C.3: R and Bootstrapping

  • Page ID
    3612
  • All generalities like standard deviation and mean are normally taken from sample but meant to represent the whole statistical population. Therefore, it is possible that these estimations could be seriously wrong. Statistical techniques like bootstrapping were designed to minimize the risk of these errors. Bootstrap is based only on the given sample but try to estimate the whole population.

    The idea of bootstrap was inspired by from Buerger and Raspe “Baron Munchausen’s miraculous adventures”, where the main character pulls himself (along with his horse) out of a swamp by his hair (Figure \(\PageIndex{1}\)). Statistical bootstrap was actively promoted by Bradley Efron since 1970s but was not used frequently until 2000s because it is computationally intensive. In essence, bootstrap is the re-sampling strategy which replaces part of sample with the subsample of its own. In R, we can simply sample() our data with the replacement.

    munchhausen-karl-friedrich-hieronymus-von-1151720-2221797-german-officer-BHK9DG.jpg

    Figure \(\PageIndex{1}\) Baron Munchausen pulls himself out of swamp. (Illustration of Gustave Doré.)

    First, we will bootstrap the mean (Figure \(\PageIndex{2}\)) using the advanced boot package:

    Code \(\PageIndex{1}\) (Python):

    library(boot) 
    ## Statistic to be bootstrapped:
    ave.b <- function (data, indices){ 
    d <- data[indices] 
    return(mean(d)) }
    (result.b <- boot(data=trees$Height, statistic=ave.b, R=100))
    

    (Note that here and in many other places in this book number of replicates is 100. For the working purposes, however, we recommend it to be at least 1,000.)
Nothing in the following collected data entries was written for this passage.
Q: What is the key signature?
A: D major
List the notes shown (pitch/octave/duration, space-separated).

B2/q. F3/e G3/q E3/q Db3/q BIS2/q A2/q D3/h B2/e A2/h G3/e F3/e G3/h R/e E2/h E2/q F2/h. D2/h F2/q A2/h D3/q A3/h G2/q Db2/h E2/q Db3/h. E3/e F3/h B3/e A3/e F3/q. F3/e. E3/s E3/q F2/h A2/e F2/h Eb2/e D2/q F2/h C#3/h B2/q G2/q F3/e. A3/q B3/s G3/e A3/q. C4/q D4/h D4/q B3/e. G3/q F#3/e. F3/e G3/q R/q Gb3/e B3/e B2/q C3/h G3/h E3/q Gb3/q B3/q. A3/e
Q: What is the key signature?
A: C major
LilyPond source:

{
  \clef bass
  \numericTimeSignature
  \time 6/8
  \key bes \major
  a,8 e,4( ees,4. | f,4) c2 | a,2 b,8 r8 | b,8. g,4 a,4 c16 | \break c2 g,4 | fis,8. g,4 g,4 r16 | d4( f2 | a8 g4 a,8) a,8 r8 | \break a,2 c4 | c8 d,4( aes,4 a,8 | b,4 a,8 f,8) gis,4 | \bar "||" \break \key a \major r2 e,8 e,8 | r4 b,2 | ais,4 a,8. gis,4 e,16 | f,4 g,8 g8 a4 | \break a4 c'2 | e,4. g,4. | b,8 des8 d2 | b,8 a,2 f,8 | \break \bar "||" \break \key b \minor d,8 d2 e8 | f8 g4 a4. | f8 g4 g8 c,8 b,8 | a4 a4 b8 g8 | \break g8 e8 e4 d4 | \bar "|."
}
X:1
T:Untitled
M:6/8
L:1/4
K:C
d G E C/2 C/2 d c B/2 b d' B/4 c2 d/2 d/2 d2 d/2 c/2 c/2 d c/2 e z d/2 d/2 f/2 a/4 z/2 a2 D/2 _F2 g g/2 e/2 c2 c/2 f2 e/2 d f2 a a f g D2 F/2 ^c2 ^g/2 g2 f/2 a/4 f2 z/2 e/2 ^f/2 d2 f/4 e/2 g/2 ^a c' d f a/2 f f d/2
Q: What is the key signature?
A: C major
    Code \(\PageIndex{2}\) (Python):

    library(boot)
    ave.b <- function (data, indices){ 
    d <- data[indices] 
    return(mean(d)) }
    result.b <- boot(data=trees$Height, statistic=ave.b, R=100)
    plot(result.b)
    

    Package boot allows to calculate the 95% confidence interval:

    Code \(\PageIndex{3}\) (Python):

    library(boot)
    aave.b <- function (data, indices){ 
    d <- data[indices] 
    return(mean(d)) }
    result.b <- boot(data=trees$Height, statistic=ave.b, R=100)
    boot.ci(result.b, type="bca")
    
    

    More basic bootstrap package bootstraps in a simpler way. To demonstrate, we will use the spur.txt data file. This data is a result of measurements of spur length on 1511 Dactylorhiza orchid flowers. The length of spur is important because only pollinators with mouth parts comparable to spur length can successfully pollinate these flowers.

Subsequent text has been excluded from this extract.